The Monthly Budget: Costa del Sol
| Category | Monthly (EUR) | Notes |
|---|---|---|
| Rent (2-bed apartment) | €1,400 | Estepona/Fuengirola mid-range. Marbella: €2,000-3,000. Málaga city: €1,000-1,200 |
| Groceries | €480 | Mercadona weekly shop for two. Bread €1.66, milk €1.09, eggs €2.62, chicken €7.33/kg |
| Utilities | €200 | Electricity, water, internet. Summer AC can push electricity alone to €150-250 |
| Healthcare (private insurance) | €200 | Mandatory for visa. Sanitas from €89/person. Rises sharply with age |
| Transport (one car) | €250 | Fuel, insurance (€428/year avg), ITV, road tax. Petrol: €1.44/litre |
| Dining out | €400 | 2-3x per week. Menu del día: €10-14. Dinner for two: €40-50. Coffee: €1.20-1.50 |
| IBI + Basura (property taxes) | €75 | IBI: €400-800/year for 2-bed. New basura tax: €165-200/year |
| Community fees | €175 | Standard urbanisation with pool and gardens. Luxury complexes: €350-1,000+ |
| Total | €3,180 | ~£2,765 at current rates |
The Monthly Budget: UK (Brighton)
| Category | Monthly (GBP) | Notes |
|---|---|---|
| Rent (2-bed flat) | £1,400 | Brighton average. Bournemouth: ~£1,257 |
| Groceries | £500 | Mix of Tesco and Sainsbury's. ONS data: £64-74/week |
| Utilities (energy + water + broadband) | £240 | Ofgem cap Q1 2026: £1,758/year. Water: £603/year |
| Healthcare | £0 | NHS free at point of use |
| Transport (one car) | £300 | Fuel, insurance (£551-726/year avg), MOT, road tax (£190/year) |
| Dining out | £500 | 2-3x per week. Coffee: £3.00-3.50. Dinner for two: £60-80. Pint: £5.50-7.00 |
| Council tax | £185 | Band D Brighton: ~£2,150-2,300/year |
| Service charge | £150 | Typical leasehold flat |
| Total | £3,275 |
Where You Save
| Category | Spain (GBP equiv.) | UK (GBP) | Saving |
|---|---|---|---|
| Dining out | £348 | £500 | -30% |
| Property taxes | £65 | £185 | -65% |
| Transport | £217 | £300 | -28% |
| Utilities | £174 | £240 | -28% |
| Groceries | £417 | £500 | -17% |
The biggest savings are in dining out and property taxes. A coffee is €1.20 instead of £3.30. A three-course menú del día with a drink is €12 — try getting that in Brighton for under £18. Council tax versus IBI isn't even close.
Where You Don't Save
Healthcare is the great equaliser. The NHS costs you nothing at point of use. In Spain, private health insurance is mandatory for your visa, and you'll pay €100-200+ per person per month. For a couple in their 50s, that's €200-300/month — roughly £175-260 — that you simply don't have in the UK budget.

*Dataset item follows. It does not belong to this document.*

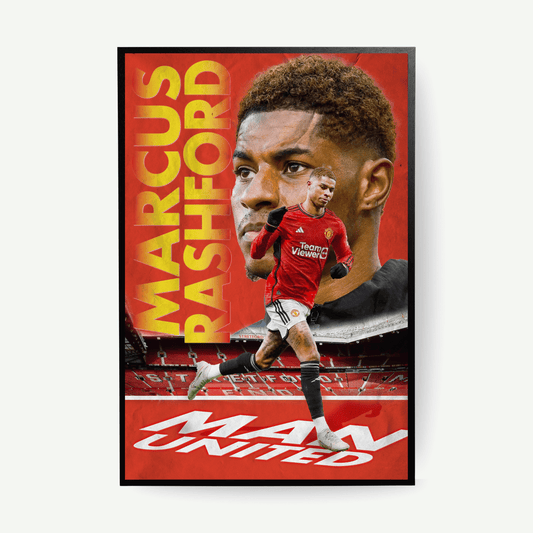 Poster of Marcus Rashford in Manchester United jersey with red background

Rent savings are modest at around 13%. And grocery savings, while real, are only about 17% — Mercadona is cheap, but it's not that much cheaper than Lidl in the UK.
The Hidden Costs Nobody Mentions
Flights Home
You will go back to the UK. Probably 4-6 times a year. Budget £80-200 per return trip depending on the season and how far in advance you book. Ryanair from Málaga starts at £15 one-way in winter, but Christmas and August will cost you £150+ each way.
Annual budget: £500 - £1,200
Gestoría Fees
A gestoría handles Spanish bureaucracy — your tax returns, NIE renewals, car registration, and the dozen other things that require someone who speaks fluent Spanish and knows which form goes where. Nearly essential for non-Spanish speakers.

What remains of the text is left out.